Fast Track is a comprehensive intervention project designed to look at how children develop across their lives by providing academic tutoring and lessons in developing social skills and regulating their behaviors. Selection began when the participants entered kindergarten and children were placed either in the intervention group or the control group. The intervention was guided by a developmental theory stating the interaction of multiple influences on the development of behavior. The Fast Track project is based on the hypothesis that improving child competencies, parenting effectiveness, school context and school-home communications will, over time, contribute to preventing certain behaviors across the period from early childhood through adolescence. The developmental model guiding this project stated that an effective prevention program would address classroom, school risk, and family risk factors, including communication between parent and schools. The most intense phase of the intervention took place in the first grade year for each of three successive cohorts.
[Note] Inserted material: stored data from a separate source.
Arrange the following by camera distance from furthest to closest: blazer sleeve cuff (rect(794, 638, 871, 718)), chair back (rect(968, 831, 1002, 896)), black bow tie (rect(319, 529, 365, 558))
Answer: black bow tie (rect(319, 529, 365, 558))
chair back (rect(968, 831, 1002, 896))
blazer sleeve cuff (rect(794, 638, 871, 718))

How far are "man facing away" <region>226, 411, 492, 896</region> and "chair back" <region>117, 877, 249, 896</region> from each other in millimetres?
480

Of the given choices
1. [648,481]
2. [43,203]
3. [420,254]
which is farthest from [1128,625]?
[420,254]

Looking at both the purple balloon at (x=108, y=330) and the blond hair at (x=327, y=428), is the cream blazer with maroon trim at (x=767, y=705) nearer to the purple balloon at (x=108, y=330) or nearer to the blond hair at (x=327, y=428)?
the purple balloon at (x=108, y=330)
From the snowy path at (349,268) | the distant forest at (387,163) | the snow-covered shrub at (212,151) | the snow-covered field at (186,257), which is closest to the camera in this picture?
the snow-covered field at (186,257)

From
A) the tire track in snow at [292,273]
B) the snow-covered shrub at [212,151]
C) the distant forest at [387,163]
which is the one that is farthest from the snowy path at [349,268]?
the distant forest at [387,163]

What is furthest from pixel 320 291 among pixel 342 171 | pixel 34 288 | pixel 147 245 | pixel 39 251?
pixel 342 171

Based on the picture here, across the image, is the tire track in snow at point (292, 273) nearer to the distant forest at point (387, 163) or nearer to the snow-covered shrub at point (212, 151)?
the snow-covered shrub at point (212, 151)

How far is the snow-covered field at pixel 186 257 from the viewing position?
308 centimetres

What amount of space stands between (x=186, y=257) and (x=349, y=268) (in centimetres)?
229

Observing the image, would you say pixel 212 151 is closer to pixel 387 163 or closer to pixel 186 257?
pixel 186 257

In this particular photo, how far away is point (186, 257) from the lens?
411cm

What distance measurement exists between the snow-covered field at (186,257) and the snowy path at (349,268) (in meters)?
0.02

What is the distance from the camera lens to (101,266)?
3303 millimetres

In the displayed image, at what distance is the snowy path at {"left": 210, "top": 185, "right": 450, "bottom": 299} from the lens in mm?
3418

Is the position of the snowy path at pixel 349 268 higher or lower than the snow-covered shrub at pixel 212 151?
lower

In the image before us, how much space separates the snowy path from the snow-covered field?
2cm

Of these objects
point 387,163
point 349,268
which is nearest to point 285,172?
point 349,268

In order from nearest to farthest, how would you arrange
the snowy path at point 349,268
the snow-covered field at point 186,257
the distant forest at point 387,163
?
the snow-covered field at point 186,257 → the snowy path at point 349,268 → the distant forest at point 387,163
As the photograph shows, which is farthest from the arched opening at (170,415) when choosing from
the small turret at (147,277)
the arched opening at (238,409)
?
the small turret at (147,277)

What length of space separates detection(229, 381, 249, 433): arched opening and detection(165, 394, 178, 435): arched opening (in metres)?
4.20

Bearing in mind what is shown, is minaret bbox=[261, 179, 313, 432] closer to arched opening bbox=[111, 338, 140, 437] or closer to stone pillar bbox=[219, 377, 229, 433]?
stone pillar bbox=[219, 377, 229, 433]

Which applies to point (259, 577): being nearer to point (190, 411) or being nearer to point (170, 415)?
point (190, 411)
The six components of the elementary school phase of the intervention (grades 1-5) include: Teacher-led classroom curriculum called PATHS. This universal intervention was directed toward the development of emotional concepts, social understanding, and self-control (including weekly teacher consultation about classroom management); The following five programs were administered to the intervention subjects: Parent training groups designed to promote the development of positive family-school relationships and to teach parents behavior management skills, particularly in the use of praise, time-out, and self-restraint; Home visits for the purpose of fostering parents' problem-solving skills, self-efficacy, and life management; Child social skill training groups; Child tutoring in reading; and Child friendship enhancement in the classroom. The adolescent phase of the intervention project (grades 6-10) included standard and individualized activities for youth and families receiving the intervention. Curriculum-based parent and youth group meetings were included in the intervention to support children in their transition into middle school (grades 5-7). The focus of this phase of the intervention was primarily on individualized prevention planning, according to criterion-based assessment. Individualized services designed to strengthen protective factors and reduce risk factors in areas of particular need for each youth include home visiting and family problem-solving and liaisons with school and community agencies.
Schools within each of four sites were selected as high risk based on crime and poverty statistics of the neighborhoods that they served. Within each site, the schools were divided into multiple sets matched for demographics and the sets were randomly assigned to intervention and control conditions. Using a multiple-gating screening procedure that combined teacher and parent ratings of disruptive behavior (Lochman & CPPRG, 1995). All 9,594 kindergarteners across three cohorts (1991-93) in these 54 schools were screened initially for classroom conduct problems by teachers, using the Teacher Observation of Child Adjustment-Revised Authority Acceptance Score (Werthamer-Larsson, Kellam, & Wheeler, 1991). Those children scoring in the top 40% within cohort and site were then solicited for the next stage of screening for home behavior problems by the parents, using items from the Child Behavior Checklist and similar scales, and 91% agreed (n=3,274). The teacher and parent screening scores were then standardized and combined into a sum score, based on screening a representative sample of approximately 100 children within each site (which also served as a normative comparison) and then summed to yield a total severity-of-risk screen score. Children were selected for inclusion into the study based on this screen score, moving from the highest score downward until desired sample sizes were reached within sites, cohorts, and conditions. The outcome was that 891 children (n's = 445 for intervention and 446 for control) participated. Note that these levels of problems are defined relative to other children in these high-risk schools. On the kindergarten Teacher's Report Form of the Child Behavior Checklist (TRF; Achenbach, 1991b), which provides national norms, the average Externalizing T-score (available for 88% of the high risk sample) was 66.4, and 76% of these children scored in the clinical range (T-scores of 60 or higher).